Here is what the Catechism has to say:
[quote]In the Latin Rite the celebration of marriage between two Catholic faithful normally takes place during Holy Mass, because of the connection of all the sacraments with the Paschal mystery of Christ. In the Eucharist the memorial of the New Covenant is realized, the New Covenant in which Christ has united himself for ever to the Church, his beloved bride for whom he gave himself up. It is therefore fitting that the spouses should seal their consent to give themselves to each other through the offering of their own lives by uniting it to the offering of Christ for his Church made present in the Eucharistic sacrifice, and by receiving the Eucharist so that, communicating in the same Body and the same Blood of Christ, they may form but "one body" in Christ.

"Inasmuch as it is a sacramental action of sanctification, the liturgical celebration of marriage . . . must be, per se, valid, worthy, and fruitful." It is therefore appropriate for the bride and groom to prepare themselves for the celebration of their marriage by receiving the sacrament of penance.

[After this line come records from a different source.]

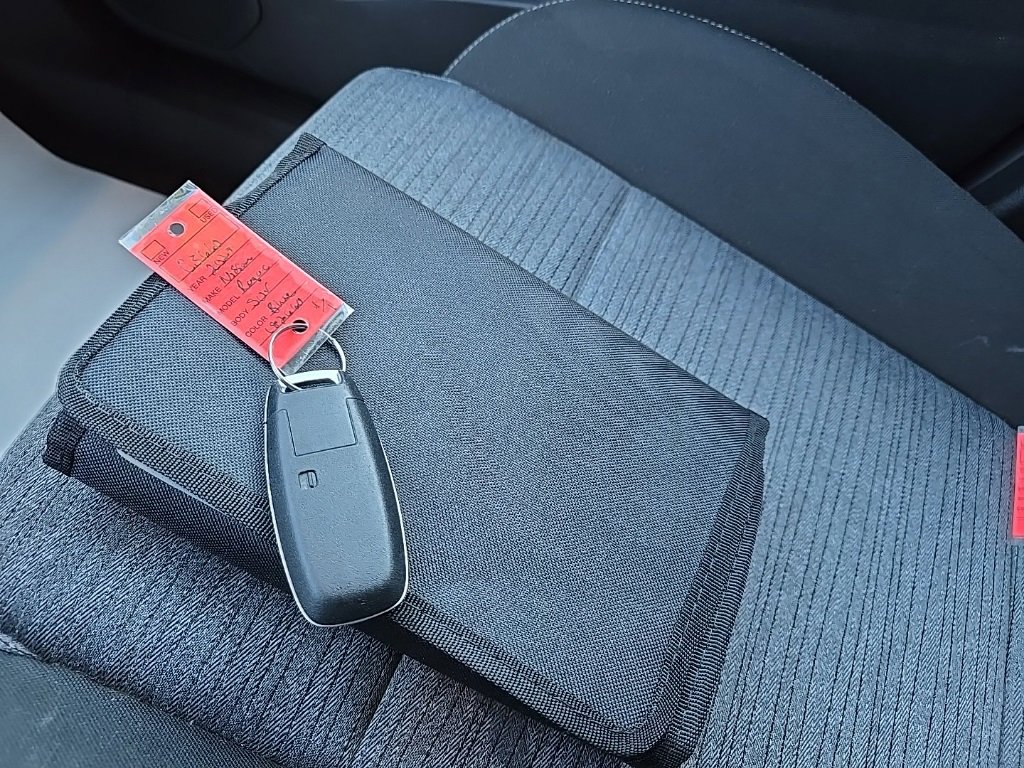 Used 2023 Nissan Rogue SV image 26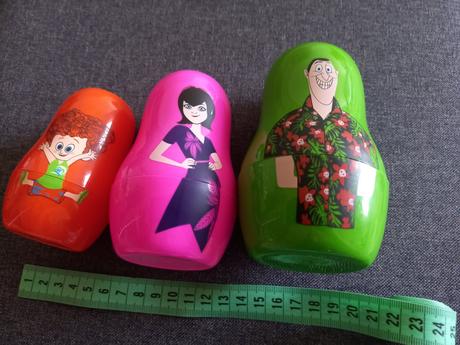 Matrioška hotel transylvánia happy meal, 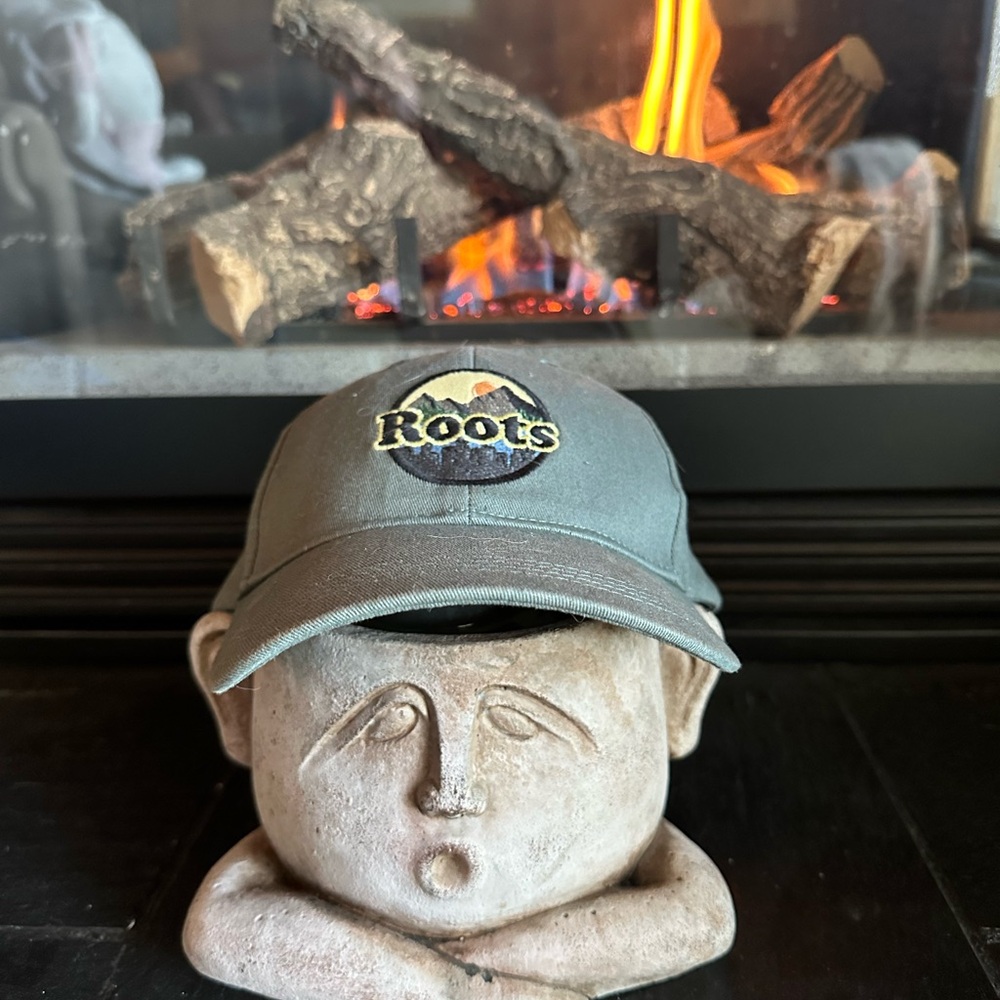 Roots Unisex Dark Gray Snap Back Cap with Mountain Logo - One Size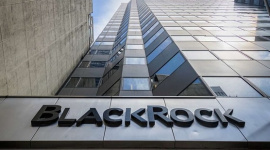 Quỹ bạc lớn nhất thế giới vừa "xả" hơn trăm tấn bạc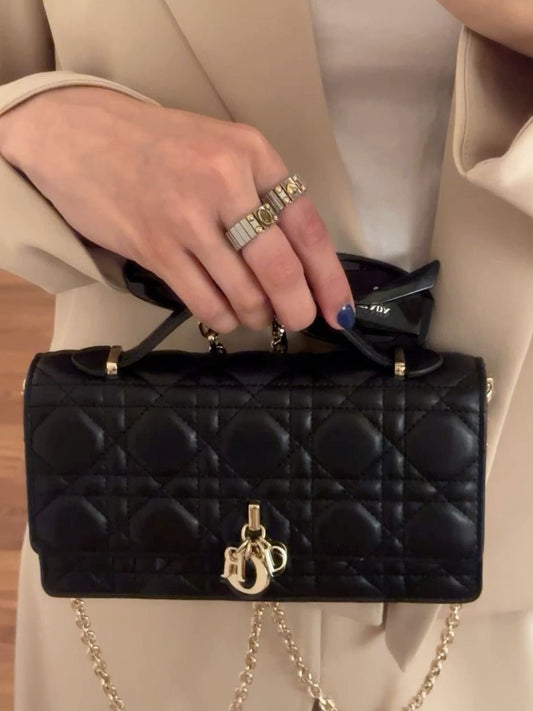 Dior bag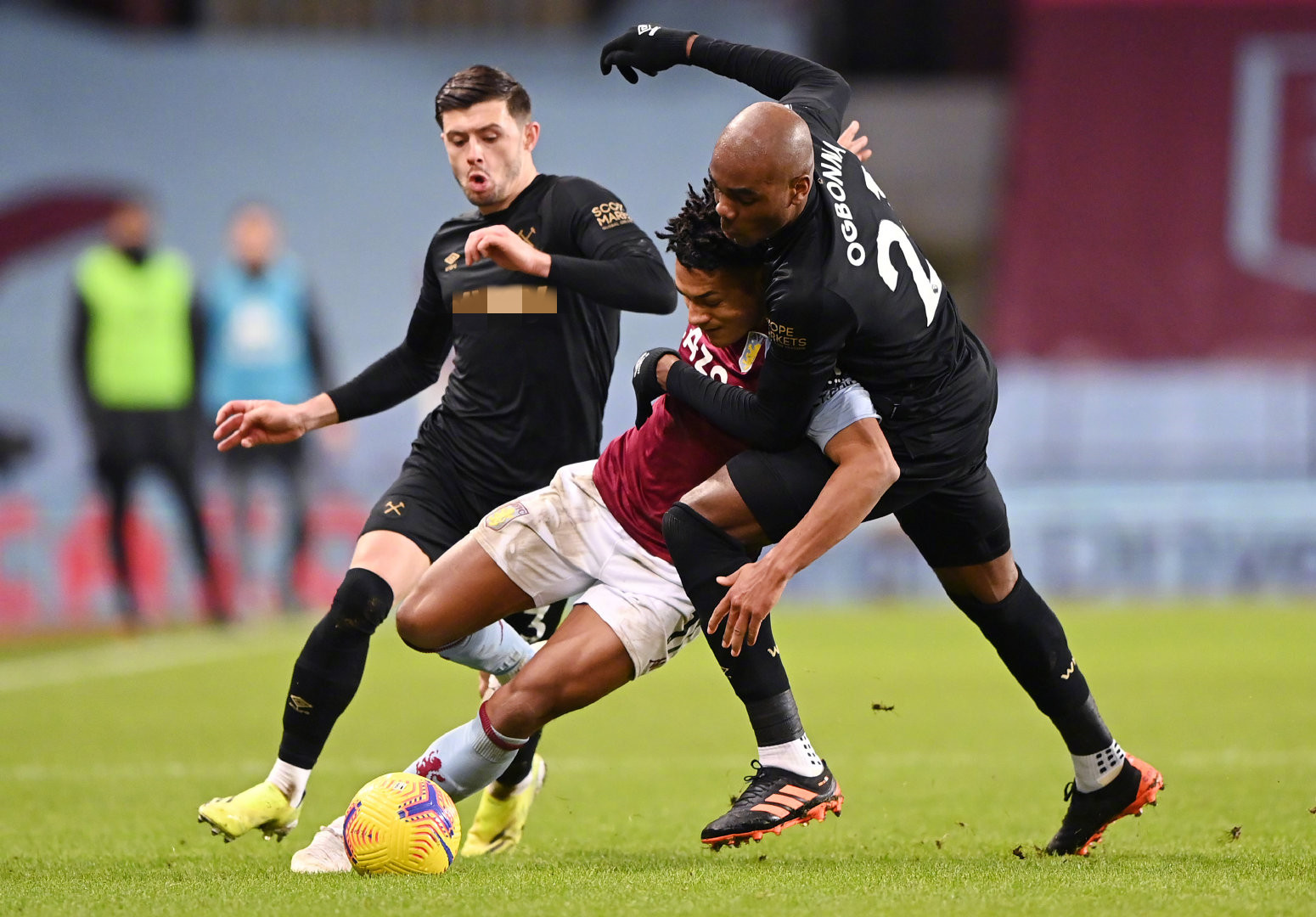 詹姆斯追逐 詹姆斯追逐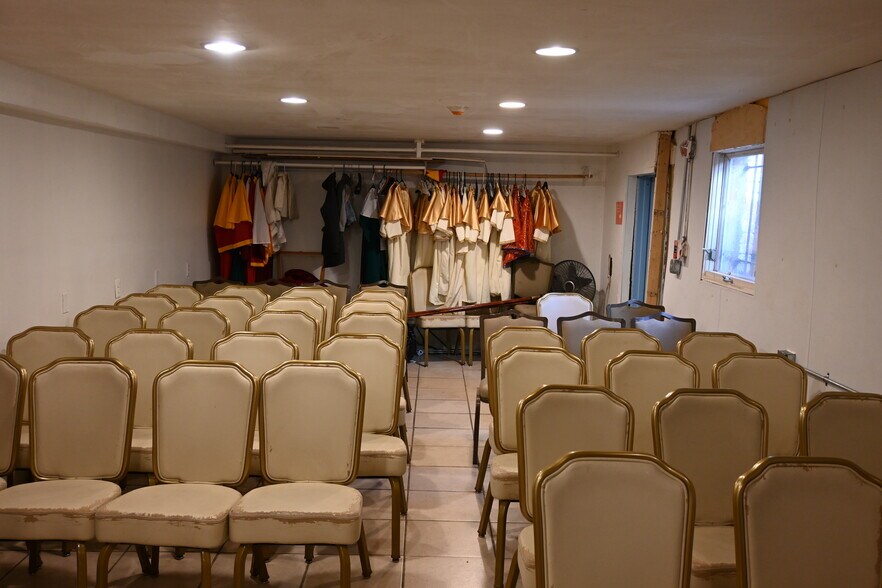 More Photos Of 2715-2725 22nd St NE, Washington Religious Facility For Sale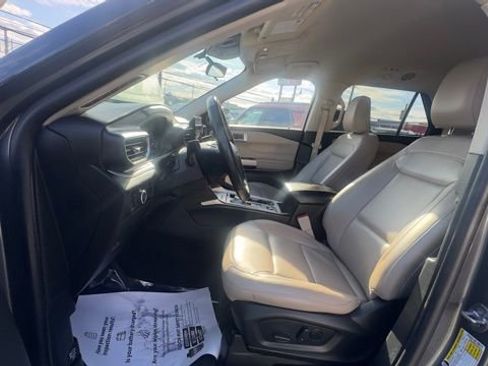 Used 2023 Ford Explorer XLT w/ Equipment Group 202A image 20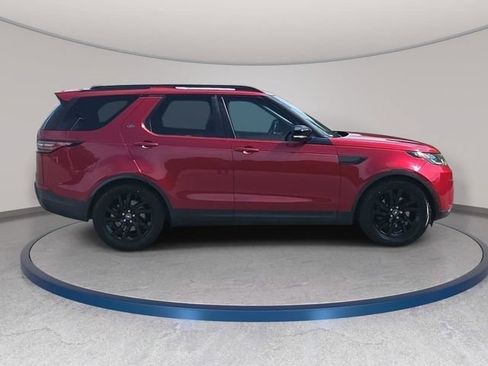 Used 2017 Land Rover Discovery HSE AWD/4WD image 4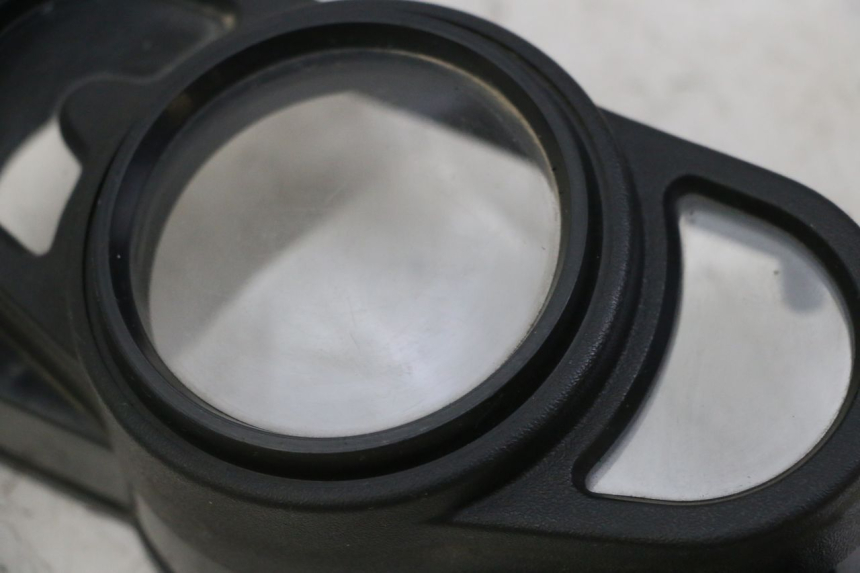 photo de CABOCHON COMPTEUR KYMCO AGILITY 4T 50 (2018 - 2022) - Gros plan technique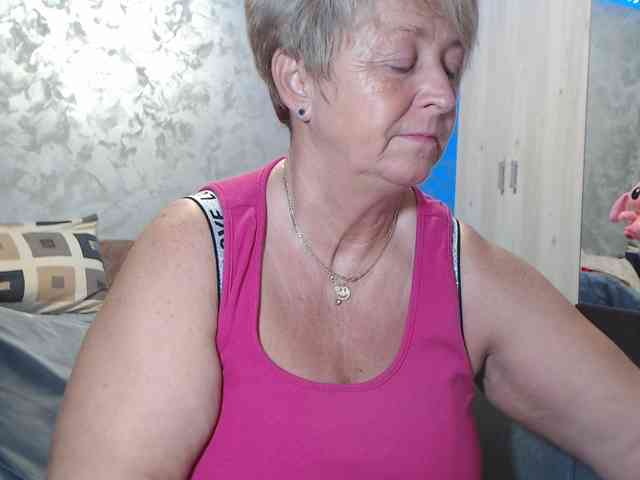 LovePinkLilli LovePinkLilli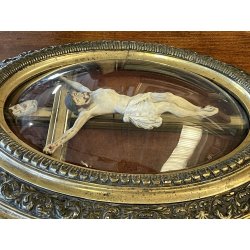 ANTICO CROCIFISSO TECA VETRO BOMBATO in CORNICE OVALE dorata CRISTO legno gesso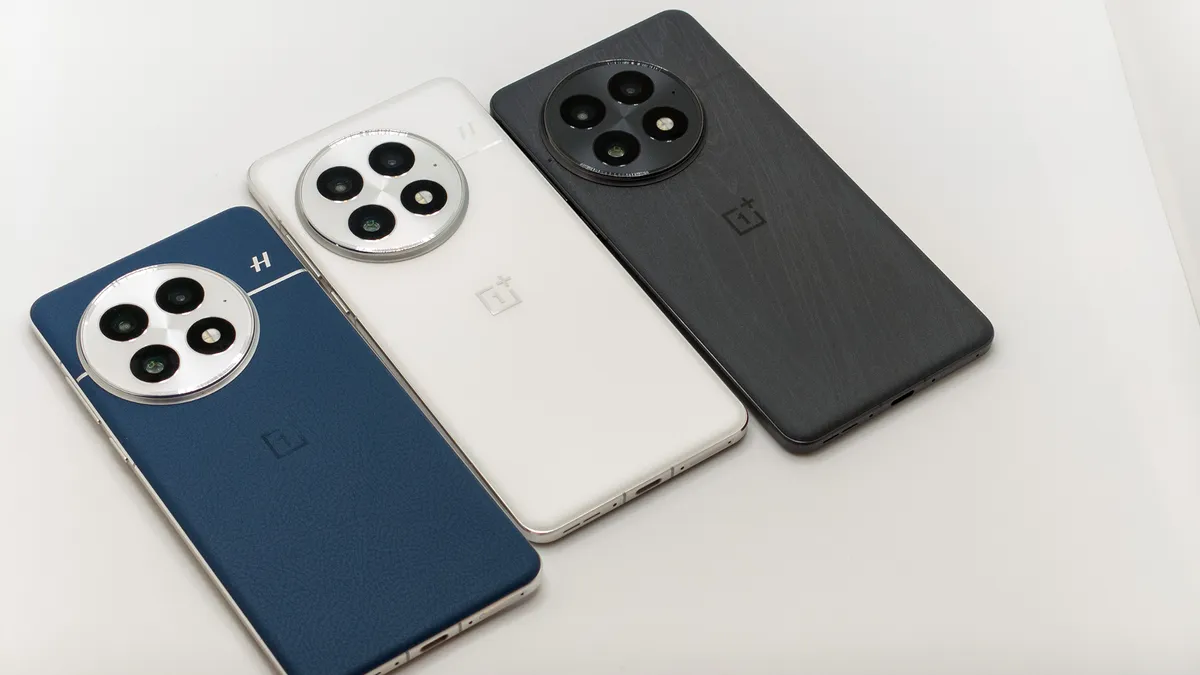 OnePlus 13 三种配色的背面在白色桌子上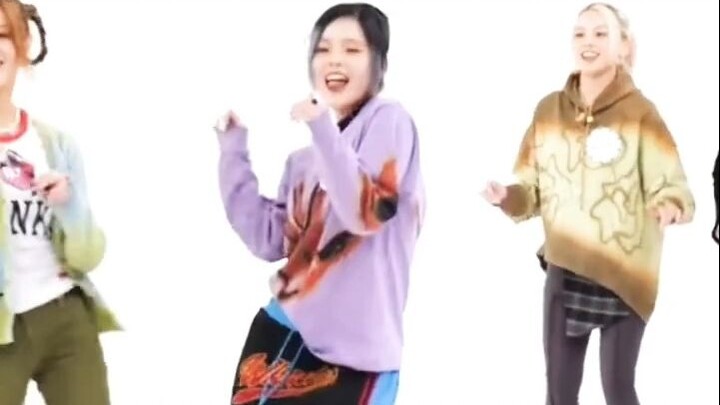 رقصة كوكونا ثلاثية الأبعاد لجونغكوك من إكس جي. من هذا الطفل الرائع؟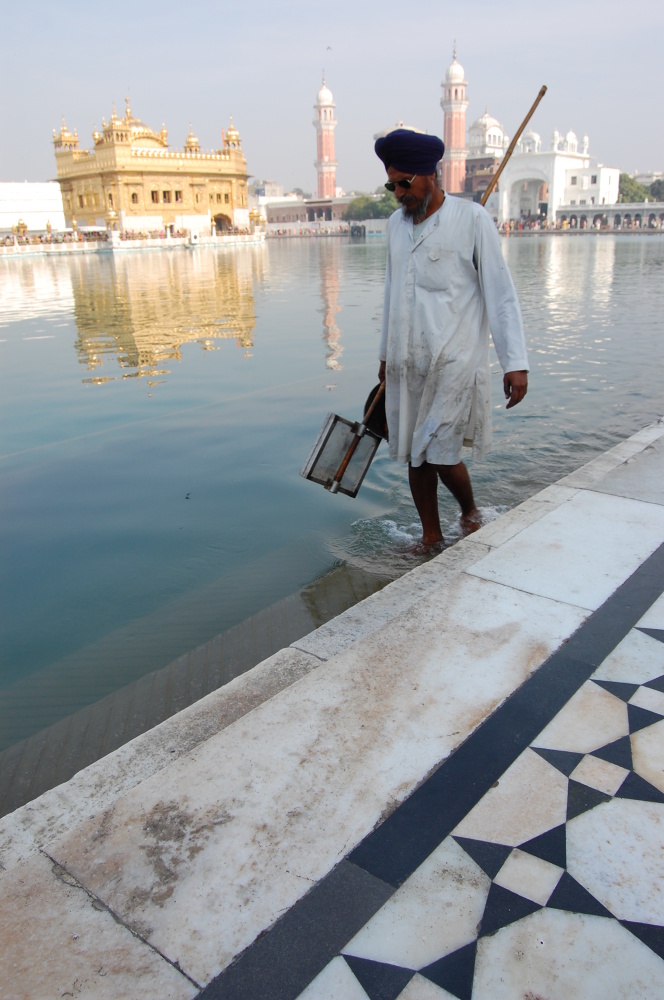 Ten sikh pilnuje porządku na terenie świątyni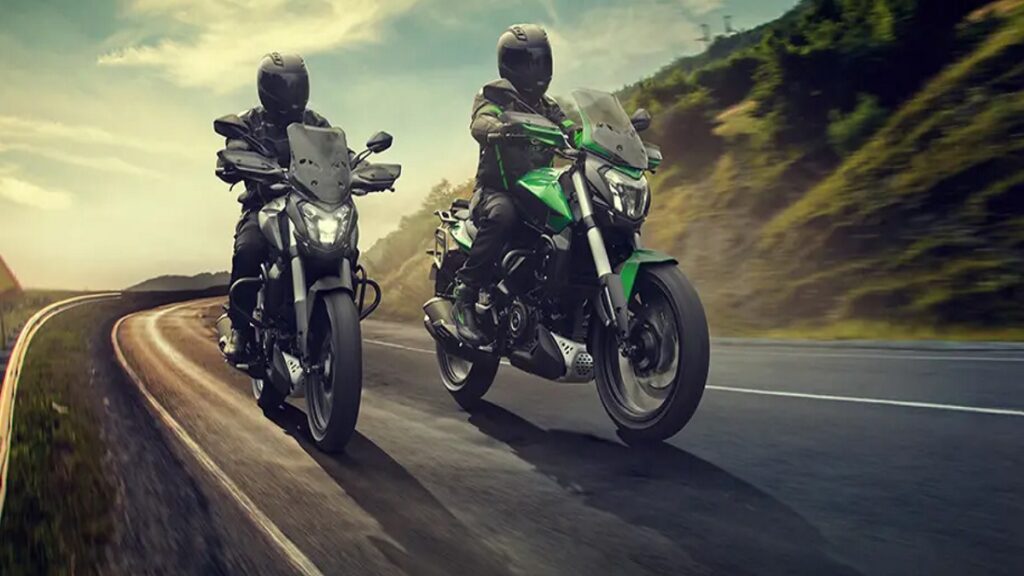 Comparte tu experiencia motera con los probadores de FORMULAMOTO ¡y llévate un magnífico regalo! 10 Bajaj Adventure Tourer 400 6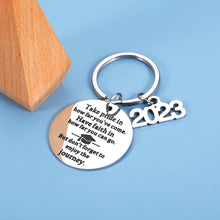 将图片加载到图库查看器,Class of 2023 Graduation Gifts for Him Her Inspirational Keychain Senior 2023 Gifts for Middle High School College University Nurse Student Christmas Stocking Stuffers for Teen Boys Girls Son Daughter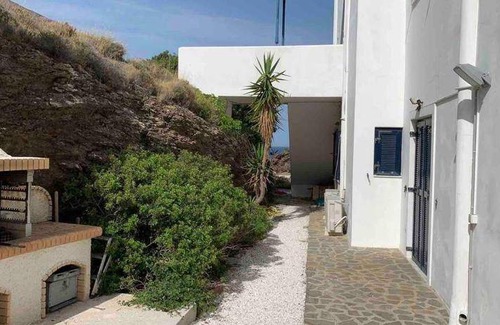 Lavreotiki House | 100 m² House ∙ 2 bedrooms ∙ 6 guests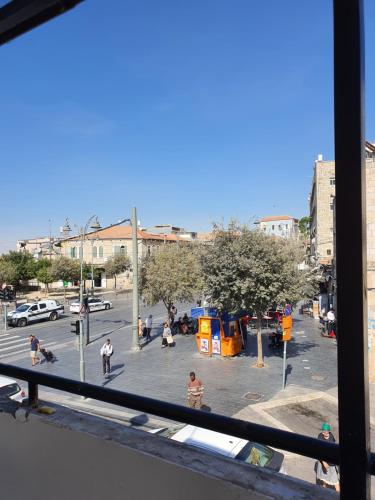 Una vista de una calle con gente en una ciudad en jerusalem city couple,group and family friendly hostel, en Jerusalén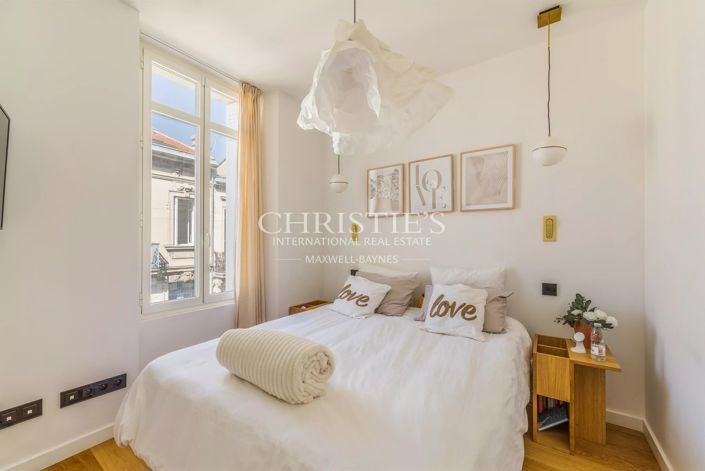 Image No.20-5 Bed House for sale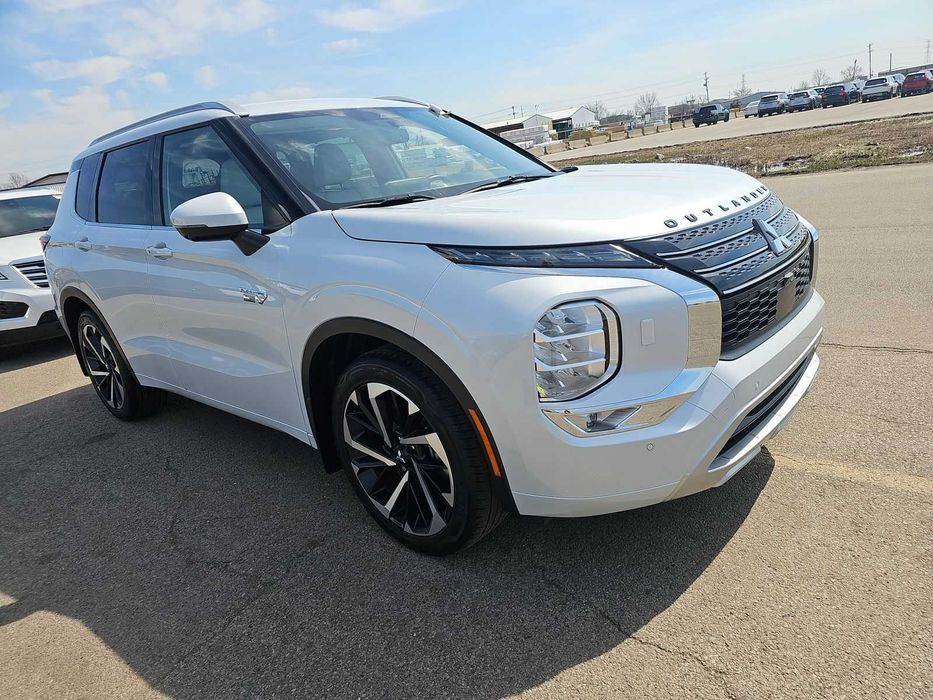 2023 Mitsubishi Outlander PHEV 40th Anniversary Edition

According to Latin tradition, the spouses as ministers of Christ's grace mutually confer upon each other the sacrament of Matrimony by expressing their consent before the Church. In the tradition of the Eastern Churches, the priests (bishops or presbyters) are witnesses to the mutual consent given by the spouses, but for the validity of the sacrament their blessing is also necessary.

The various liturgies abound in prayers of blessing and epiclesis asking God's grace and blessing on the new couple, especially the bride. In the epiclesis of this sacrament the spouses receive the Holy Spirit as the communion of love of Christ and the Church. The Holy Spirit is the seal of their covenant, the ever available source of their love and the strength to renew their fidelity. Para 1621-4[/quote]

You mentioned no vows. Then...when/how is the 'mutual consent' given?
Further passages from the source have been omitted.